# How the mass is conserved during continuous expansion?

If universe is continuously expanding doesn't it contradict the fact that mass is conserved? Because if mass is conserved so how is universe expanding?

• The mass density is constantly falling. Galaxies are moving away from each other. If the acceleration of the expansion keeps continuing, then in a few ten billion years the only thing visible in the night sky would be the galaxy that is left over from the merger of the Milky Way and Andromeda. The last inhabitants of this universe may even live on a planet circling a lonely star surrounded by nothing but blackness without even a trace of cosmic microwave radiation. They will be thinking that their creator made nothing but them and they will have every right to think so in their loneliness. :-) – CuriousOne Jun 19 '15 at 5:55
• Doesn't this mass density effects the gravitational field of masses? – aish Jun 19 '15 at 6:04
• Yes, it does. Galaxy mergers will become rare and then seize and star formation will seize, too. – CuriousOne Jun 19 '15 at 6:56

There are three types of matter/energy we consider when calculating how the universe expands:

1. Matter - both normal matter and dark matter
3. Dark energy

We measure the expansion of the universe using a scale factor that we normally denote by $a$. The scale factor increases with time as the universe expands, and if we look backwards in time we see $a$ decrease as the universe contracts. We take the value of $a$ to be $1$ right now, so if the value of $a$ is $2$ that mean the universe has expanded by a factor of $2$ and if the value of $a$ is $0.5$ that means the universe has contracted to half its original size.

If we represent the density of matter as $\rho_M$, radiation as $\rho_R$ and dark energy as $\rho_\Lambda$, then the densities are related to $a$ by:

$$\rho_M = \frac{\rho_{M_0}}{a^3} \tag{1}$$

$$\rho_R = \frac{\rho_{R_0}}{a^4} \tag{2}$$

$$\rho_\Lambda = \rho_{\Lambda_0} \tag{3}$$

where the suffix $0$ means the present time i.e. $\rho_{M_0}$ means the density of the matter right now.
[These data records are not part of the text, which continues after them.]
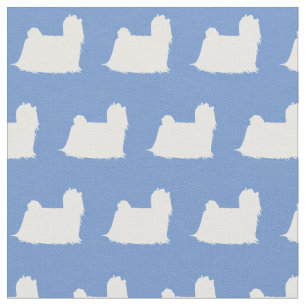 Maltesischer Hund Silhouette Pet Light Blue Stoff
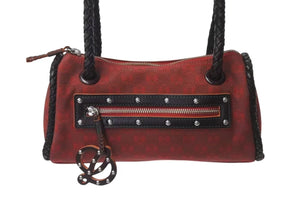 LOEWE ロエベ ハンドバッグ 290503 アナグラム柄 キャンバス レザー レッド ブラウン シルバー金具 美品 中古 4b000840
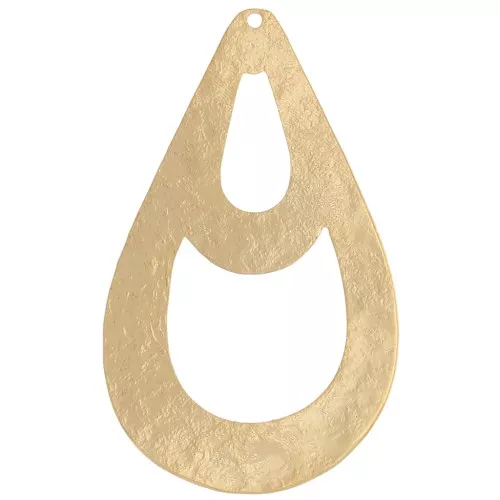 Colgante gota martillada 40x25 mm - Dorado x1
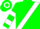 Green, white sash, hooped sleeves and cap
If you look at equation (1) this tells you that the density of matter falls as the universe expands in exactly the way you would expect. If the universe expands by a factor of two, i.e. $a = 2$, then the volume increases by a factor of $8$ and the density of matter falls by a factor of $a^3 = 8$. The density of matter falls in the way you would expect if matter is conserved.

However note that $\rho_M$ is the average density of the matter over large scales. The expansion of the universe doesn't change the density of the Earth or the Sun because the gravity of bodies like the Earth and the Sun is large enough to conteract the expansion and keep the volume of the Earth constant.
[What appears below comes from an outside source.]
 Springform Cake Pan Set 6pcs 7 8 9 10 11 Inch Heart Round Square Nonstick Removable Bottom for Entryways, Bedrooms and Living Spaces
It's more interesting to look at equations (2) and (3). Starting with equation (2) we see that the desnity of radiation falls as $a^4$ not $a^3$. This is because as the universe expands the radiation is red shifted as well as diluted, and the end result is that its density falls faster than matter.

Equation (3) is the really odd one, because it shows that the density of dark energy is constant i.e. as the universe expands the density of the dark energy dosn't change. This looks as if it violates conservation of energy, and well it does. An expanding universe violates time shift symmetry and that means the law of conservation of energy doesn't apply.
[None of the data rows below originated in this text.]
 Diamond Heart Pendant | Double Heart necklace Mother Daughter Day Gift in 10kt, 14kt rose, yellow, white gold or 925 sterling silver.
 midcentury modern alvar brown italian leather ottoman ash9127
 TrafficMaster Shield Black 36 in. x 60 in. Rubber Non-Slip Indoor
I should add that the claim an expanding universe doesn't conserve energy is a bit controversial because it depends on how you calculate total energy and what you include.

• One should note that we don't really know what equation (3) should be. That's just the current model. Whether conservation of energy applies or not is unknown, since we don't know if there is an energy source that feeds dark energy. We could simply be looking at an incomplete description of the system we call "universe". If I had to bet a case of wine, that's what I would bet on. – CuriousOne Jun 19 '15 at 7:01

The expansion of space is like stretching a rubber sheet. (Don't take this analogy too seriously. It works for this explanation but fails elsewhere.) The mass of the rubber sheet stays the same as it gets bigger. Space expands, but mass does not increase with it.